Ses contempteurs y voient un sous-marin de la « théorie du genre », autrement dit, un programme diabolique dans lequel filles et garçons seraient interchangeables. Les ABCD de l’égalité ne sont pourtant qu’un programme destiné aux 5-12 ans pour lutter contre les stéréotypes fille-garçon. Testé depuis novembre 2013 dans 600 classes françaises de la grande section maternelle au CM2, il sera abandonné, « du moins dans sa forme actuelle » tente de rassurer le gouvernement.
Cette décision intervient suite à la remise d’un rapport d’évaluation commandé après que plusieurs manifestations hostiles aux ABCD de l’égalité ont perturbé la scolarité. Benoît Hamon, le ministre de l’Education nationale et sa collègue des Droits des femmes, Najat Vallaud-Belkacem, devraient mettre fin aux ABCD tels qu'ils sont expérimentés depuis quelques mois, explique-t-on dans l’entourage de ces ministères.

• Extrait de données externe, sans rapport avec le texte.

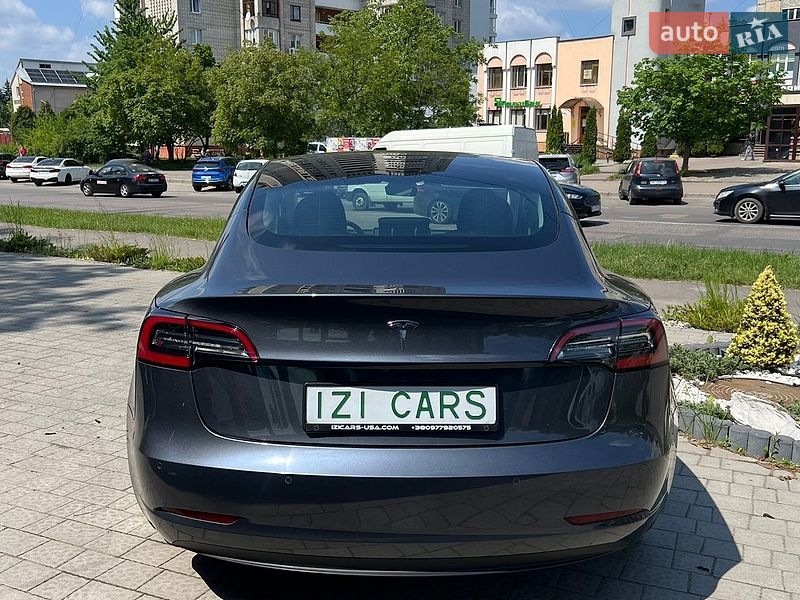 Седан Tesla Model 3 2022 в Львове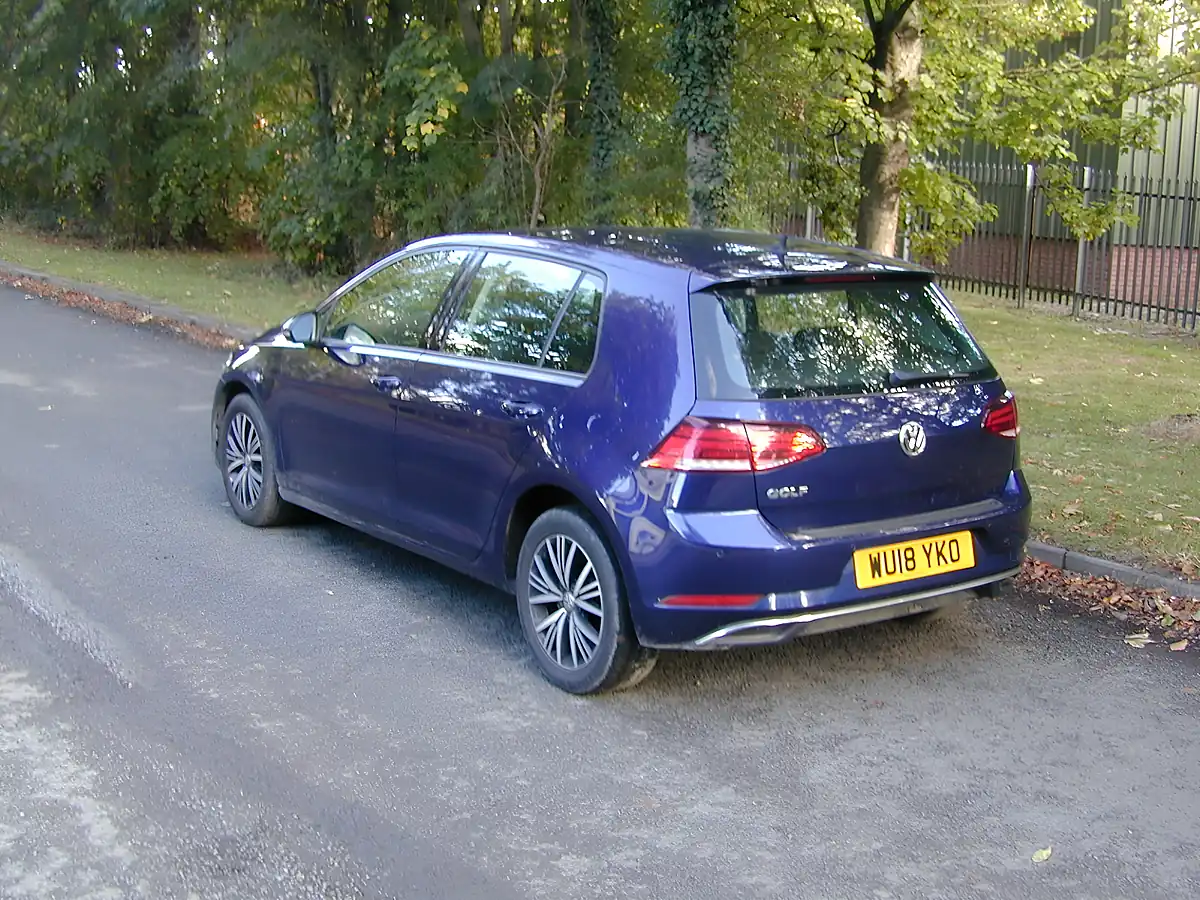 Used 2018 Volkswagen Golf Se Blue - Interior and Exterior details 6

Un programme « très ambitieux »
Mais la même source assure que « l’éducation à l’égalité fille-garçon est prévue » et « va se faire ». Ce que Najat Vallaud-Belkacem a confirmé ce dimanche sur France 3 en annonçant que les ABCD de l’égalité seraient remplacés par un programme « très ambitieux » généralisé à tous les élèves. Autrement dit, le nom disparaîtrait, mais le contenu demeurerait d’un programme qui serait dorénavant dispensé partout…
A l’origine, la phase expérimentale des ABCD de l’égalité devait déboucher sur la généralisation du dispositif à la rentrée de 2014. Mais, le bel élan a été stoppé net par de multiples actions hostiles lancées par Farida Belghoul qui appelaient les parents à retirer leurs enfants de l’école en signe de protestation.

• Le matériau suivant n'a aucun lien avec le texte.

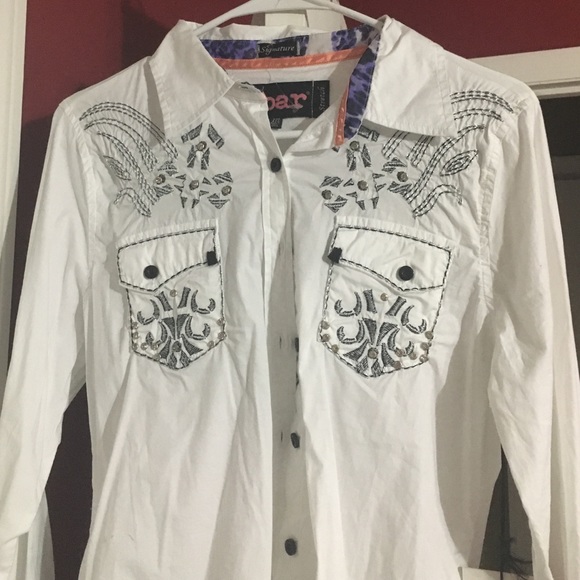 Roar shirt
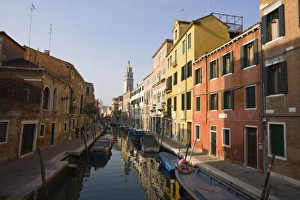 Dorsoduro Prints: Fondamenta dellol Squero, Dorsoduro, Venice, Veneto, Italy, Europe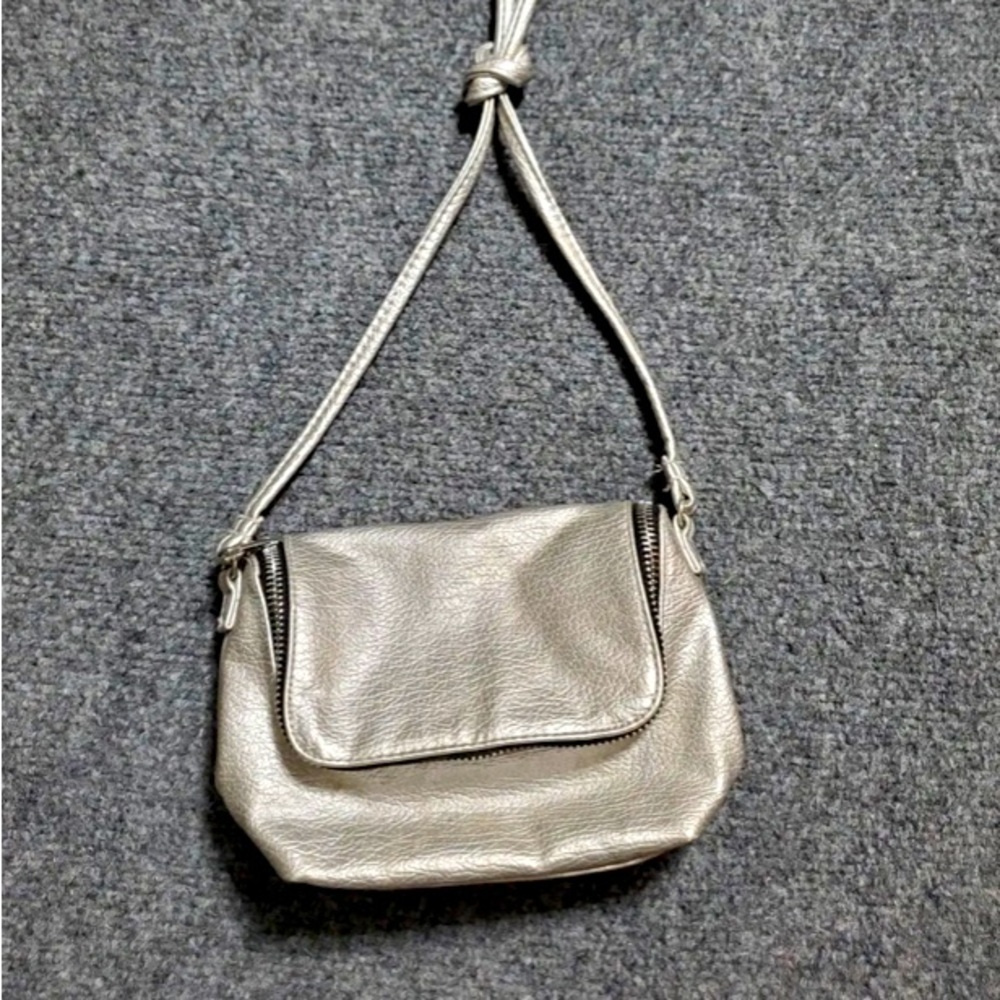 H&M Mini Silver Purse Shoulder Bag Clutch.

Perfect for cocktail night & parties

Farida Belghoul, une ancienne figure de la marche des Beurs de 1984, aujourd’hui proche de l’extrême droite, a vu son appel faire florès auprès des musulmans et catholiques conservateurs. Rejoints par les opposants au mariage pour tous, tout ce petit monde qui a le vent en poupe, n’a eu de cesse de fustiger une invasion de la « théorie du genre » jusque dans nos maternelles.

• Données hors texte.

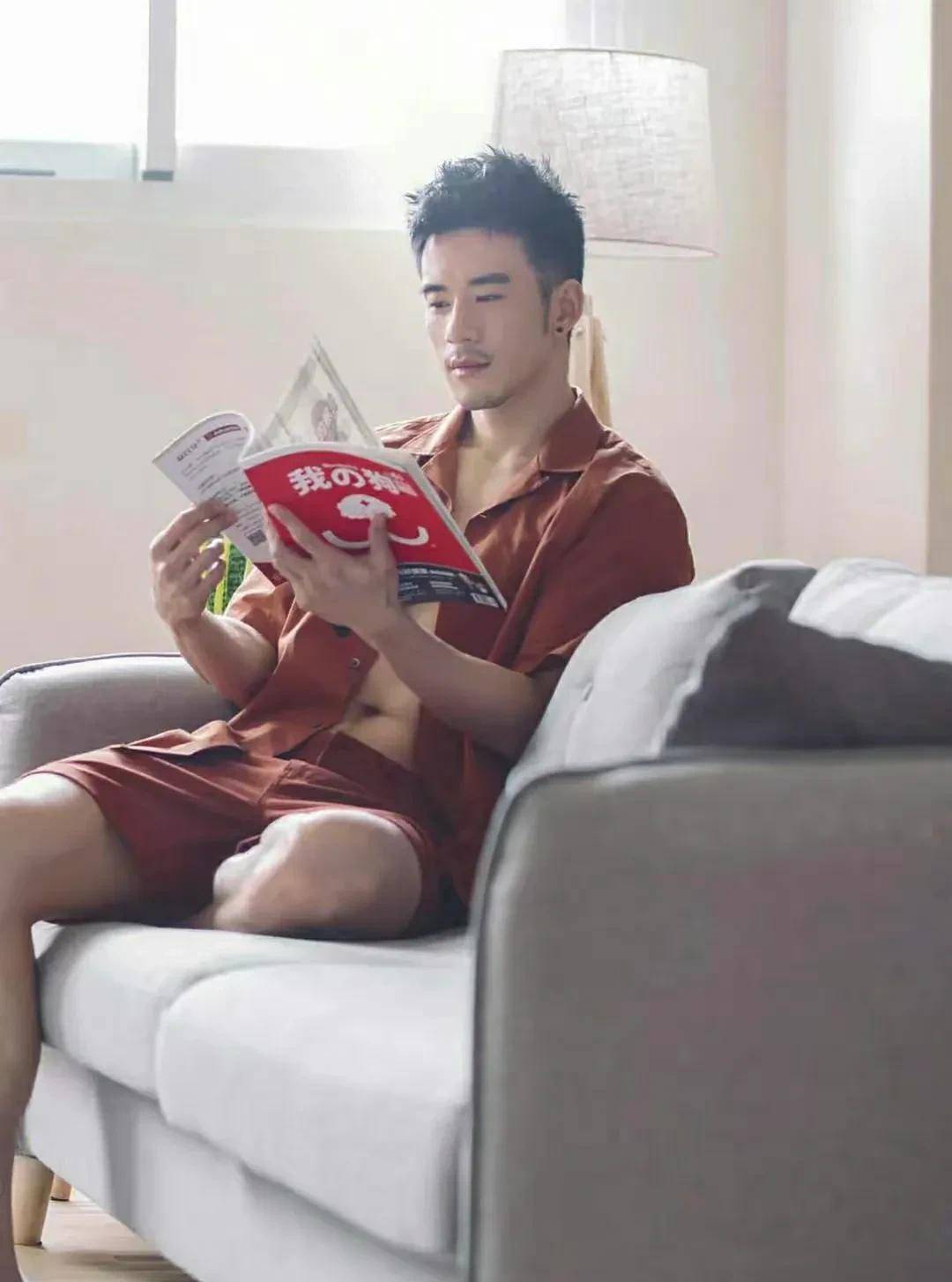 纪言恺超级性感居家写真,真空半裸性感无敌,你喜欢么?_男人_肌肉_腹肌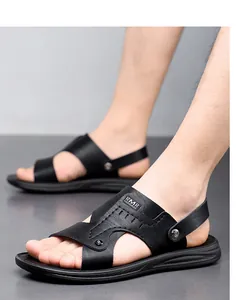Detailansicht der schwarzen Outdoor-Sandalen aus Leder für Herren mit atmungsaktivem Design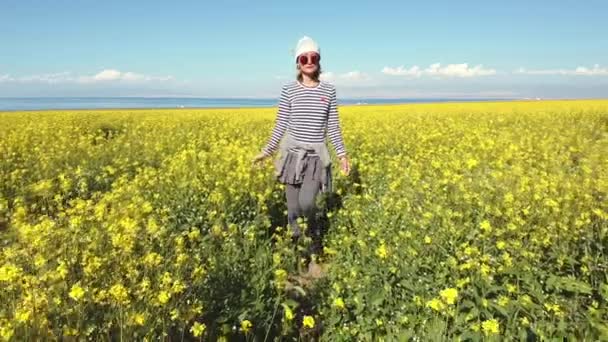 Azjatycki Kobieta Turysta Spacery Canola Kwiat Pole — Wideo stockowe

Les plus folles rumeurs, on parle de cours d'éducation sexuelle dès la maternelle, incitation à la masturbation et apologie de l'homosexualité… aboutissent à un absentéisme organisé dans une centaine d’établissements, un mouvement qui ne peut pas passer inaperçu aux yeux des autorités.
Scepticisme et dépit sur les réseaux sociaux
L’épisode du « Tous à poil » du nom d’un ouvrage destiné aux enfants pour « dédramatiser la nudité » et qui figure sur une liste du CNDP intitulée « Pour bousculer les stéréotypes fille-garçon », fait encore monter d’un cran toute cette agitation. C’est Jean-François Copé, à l’époque président de l’UMP qui s’y colle. Album en mains, il le feuillette, avec l’air dégoûté qui convient : « A poil le bébé, à poil la baby-sitter, à poil la maîtresse », égrène-t-il, « voyez, c'est bien pour l'autorité des professeurs » ajoute encore celui qui ainsi fera ainsi grimper en flèche la vente du livre jusqu'à se retrouver en tête chez Amazon.com. Jusque-là, l'ouvrage ne s'était vendu qu'à centaine d’exemplaires.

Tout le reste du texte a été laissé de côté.